Government only responds in a knee-jerk fashion. Get acquainted with your DC City Council, especially Jim Grahm who proposed the price hike and the Council member in your Ward. And if you see them do one or two things:
- If you can do that really hard coin flip with your middle finger and thumb, I had a roommate that could hit me on the forehead on the other side of the room with a penny, keep some change in your pocket for when you might come across a Councilman and just start flipp'n. If you're with a group of people and you have the time, flank-out and create crossfire.
- If you work behind a counter and have to give one of them change, just drop it on the floor. Let them pick it up. At least it can simulate the activity of what I have to do, when the meter eats most of my change and I have to go back and start digging through my car's seat cushions in the desperate hope that I might find another quarter.
- Or, this is what I would prefer.

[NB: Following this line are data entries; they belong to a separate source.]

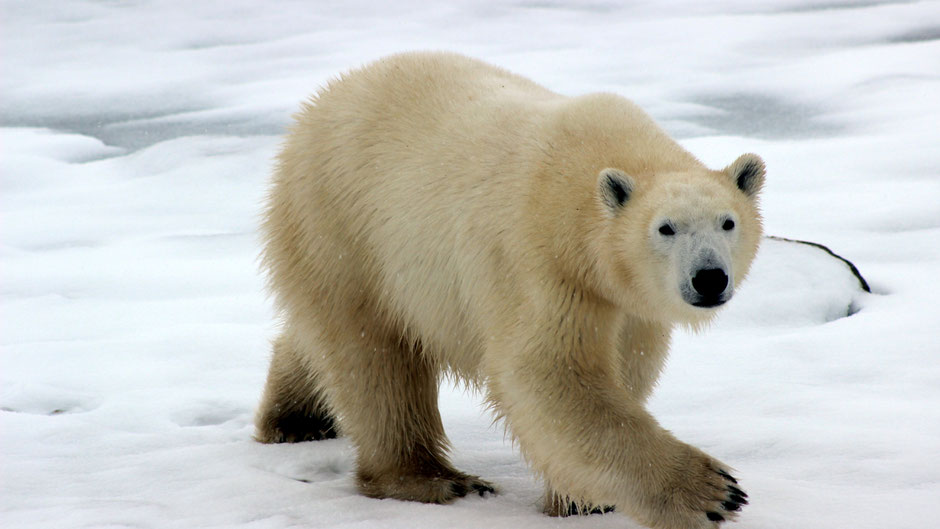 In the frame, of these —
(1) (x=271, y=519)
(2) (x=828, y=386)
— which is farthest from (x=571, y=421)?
(2) (x=828, y=386)

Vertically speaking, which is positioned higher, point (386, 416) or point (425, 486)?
point (386, 416)

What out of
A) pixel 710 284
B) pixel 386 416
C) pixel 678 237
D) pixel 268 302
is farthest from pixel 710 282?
pixel 268 302

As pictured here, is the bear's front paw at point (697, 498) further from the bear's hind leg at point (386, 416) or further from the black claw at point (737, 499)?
the bear's hind leg at point (386, 416)

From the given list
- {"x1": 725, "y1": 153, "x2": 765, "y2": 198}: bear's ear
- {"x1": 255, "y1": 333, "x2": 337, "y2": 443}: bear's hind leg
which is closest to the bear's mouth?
{"x1": 725, "y1": 153, "x2": 765, "y2": 198}: bear's ear

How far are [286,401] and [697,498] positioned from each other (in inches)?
73.5

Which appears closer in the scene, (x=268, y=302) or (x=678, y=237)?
(x=678, y=237)

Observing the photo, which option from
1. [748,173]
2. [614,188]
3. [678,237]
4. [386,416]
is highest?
[748,173]

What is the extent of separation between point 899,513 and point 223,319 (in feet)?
12.2

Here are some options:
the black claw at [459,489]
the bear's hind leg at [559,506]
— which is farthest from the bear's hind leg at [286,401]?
the bear's hind leg at [559,506]

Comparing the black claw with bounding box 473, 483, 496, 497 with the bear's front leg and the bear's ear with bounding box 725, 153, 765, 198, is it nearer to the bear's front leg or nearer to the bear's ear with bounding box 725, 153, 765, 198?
the bear's front leg

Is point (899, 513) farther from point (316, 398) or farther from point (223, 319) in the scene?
point (223, 319)

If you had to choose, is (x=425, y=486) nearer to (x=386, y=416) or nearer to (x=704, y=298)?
(x=386, y=416)

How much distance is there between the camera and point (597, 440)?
297 centimetres

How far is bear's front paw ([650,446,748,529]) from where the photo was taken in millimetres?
2861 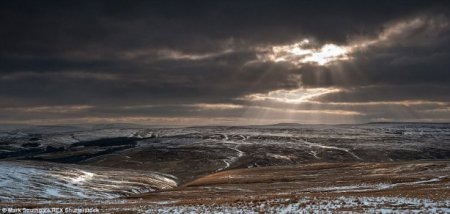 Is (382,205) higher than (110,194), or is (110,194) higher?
(382,205)

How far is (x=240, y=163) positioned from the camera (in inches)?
7505

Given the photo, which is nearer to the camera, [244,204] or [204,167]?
[244,204]

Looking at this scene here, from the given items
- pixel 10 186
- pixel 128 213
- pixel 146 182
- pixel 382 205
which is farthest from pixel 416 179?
pixel 10 186

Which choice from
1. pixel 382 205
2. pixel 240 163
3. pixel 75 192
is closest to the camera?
pixel 382 205

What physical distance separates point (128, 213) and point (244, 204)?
1115 centimetres

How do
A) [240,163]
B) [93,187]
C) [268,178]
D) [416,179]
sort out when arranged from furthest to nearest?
1. [240,163]
2. [268,178]
3. [93,187]
4. [416,179]

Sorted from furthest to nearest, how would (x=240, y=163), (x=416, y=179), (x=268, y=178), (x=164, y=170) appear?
(x=240, y=163)
(x=164, y=170)
(x=268, y=178)
(x=416, y=179)

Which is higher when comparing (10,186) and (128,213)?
(128,213)

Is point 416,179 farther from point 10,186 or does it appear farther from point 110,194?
point 10,186

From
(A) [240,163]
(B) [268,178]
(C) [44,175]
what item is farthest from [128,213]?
(A) [240,163]

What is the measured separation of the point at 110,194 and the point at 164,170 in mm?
80924

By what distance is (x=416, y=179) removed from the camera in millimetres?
78688

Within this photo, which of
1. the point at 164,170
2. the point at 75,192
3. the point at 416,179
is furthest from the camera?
the point at 164,170

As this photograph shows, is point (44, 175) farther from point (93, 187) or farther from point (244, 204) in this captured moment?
point (244, 204) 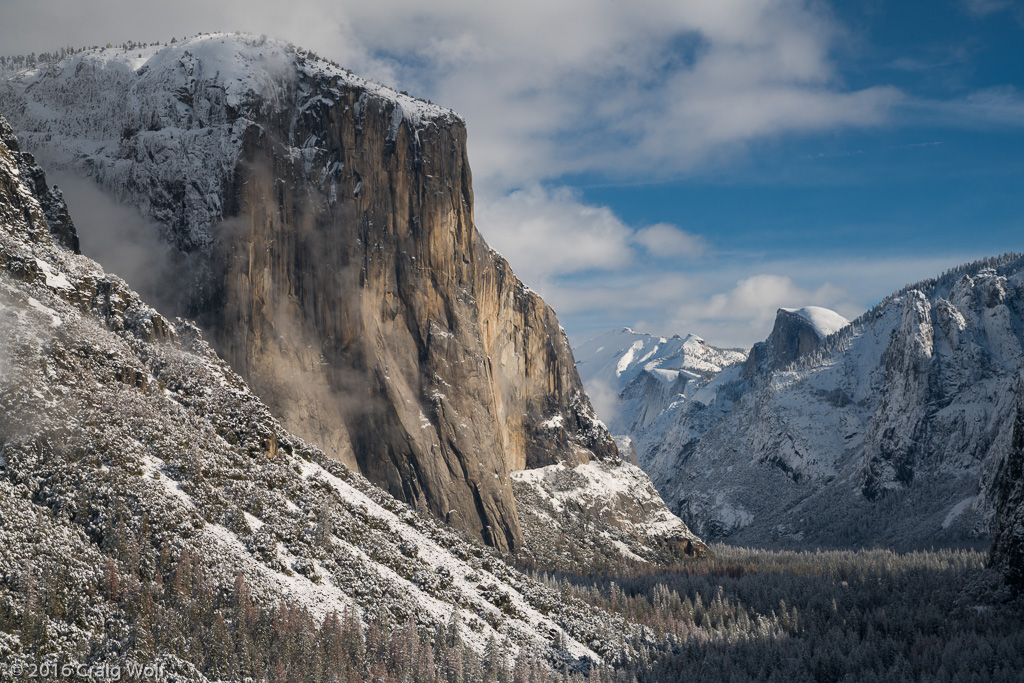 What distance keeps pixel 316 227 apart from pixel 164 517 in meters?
89.2

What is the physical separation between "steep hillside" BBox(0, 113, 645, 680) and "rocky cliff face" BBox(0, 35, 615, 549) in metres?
26.8

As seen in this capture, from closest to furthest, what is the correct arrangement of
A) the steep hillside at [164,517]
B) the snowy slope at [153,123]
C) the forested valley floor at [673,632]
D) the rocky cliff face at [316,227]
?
the steep hillside at [164,517]
the forested valley floor at [673,632]
the snowy slope at [153,123]
the rocky cliff face at [316,227]

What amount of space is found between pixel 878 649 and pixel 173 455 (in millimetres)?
109782

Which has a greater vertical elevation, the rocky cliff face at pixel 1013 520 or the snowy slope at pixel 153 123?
the snowy slope at pixel 153 123

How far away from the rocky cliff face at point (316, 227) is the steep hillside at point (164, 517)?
26785 millimetres

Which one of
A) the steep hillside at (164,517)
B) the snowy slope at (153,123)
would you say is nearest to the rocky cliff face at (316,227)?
the snowy slope at (153,123)

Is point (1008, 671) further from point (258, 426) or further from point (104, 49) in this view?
point (104, 49)

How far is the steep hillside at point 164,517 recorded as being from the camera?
6806cm

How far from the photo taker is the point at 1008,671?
111062mm

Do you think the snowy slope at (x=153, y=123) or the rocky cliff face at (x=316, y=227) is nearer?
the snowy slope at (x=153, y=123)

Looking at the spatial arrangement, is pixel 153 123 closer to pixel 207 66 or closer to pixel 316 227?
pixel 207 66

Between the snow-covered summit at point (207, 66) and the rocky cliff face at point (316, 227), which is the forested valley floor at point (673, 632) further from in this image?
the snow-covered summit at point (207, 66)

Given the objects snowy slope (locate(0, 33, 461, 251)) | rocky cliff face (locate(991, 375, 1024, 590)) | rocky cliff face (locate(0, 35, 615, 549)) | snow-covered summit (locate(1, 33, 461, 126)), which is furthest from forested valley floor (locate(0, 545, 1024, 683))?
snow-covered summit (locate(1, 33, 461, 126))

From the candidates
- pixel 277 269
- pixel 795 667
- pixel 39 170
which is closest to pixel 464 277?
pixel 277 269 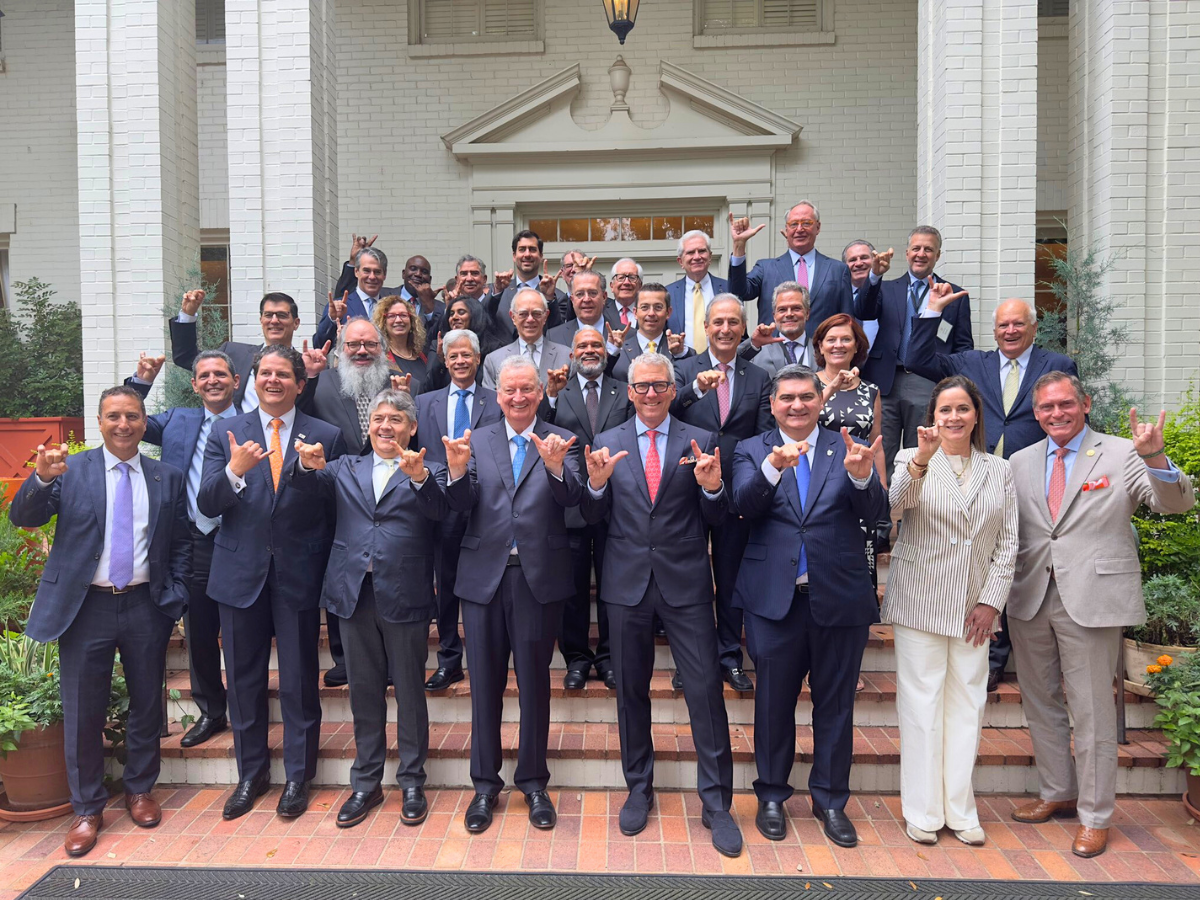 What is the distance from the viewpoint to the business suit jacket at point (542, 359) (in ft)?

Because every time, that meter takes my money and I try to explain it to the meter maid who in his or her own way gives me their existential middle-finger or the Council by raising the meter hike on defunct parking meters essentially smiles and tells me to "deal with it". I would like us all to just simply greet them on a daily basis with a nice, "Fuck you". If you are a mute, just give them the "Finger". Or if you would like to dial it down a bit, I would just going with the Finger. And this can all be done with a smile.
(Cue Sally Struthers), "Just one 'Fuck-You' a day, could get a government official or City Councilman to take action and do something as small as fix a parking meter."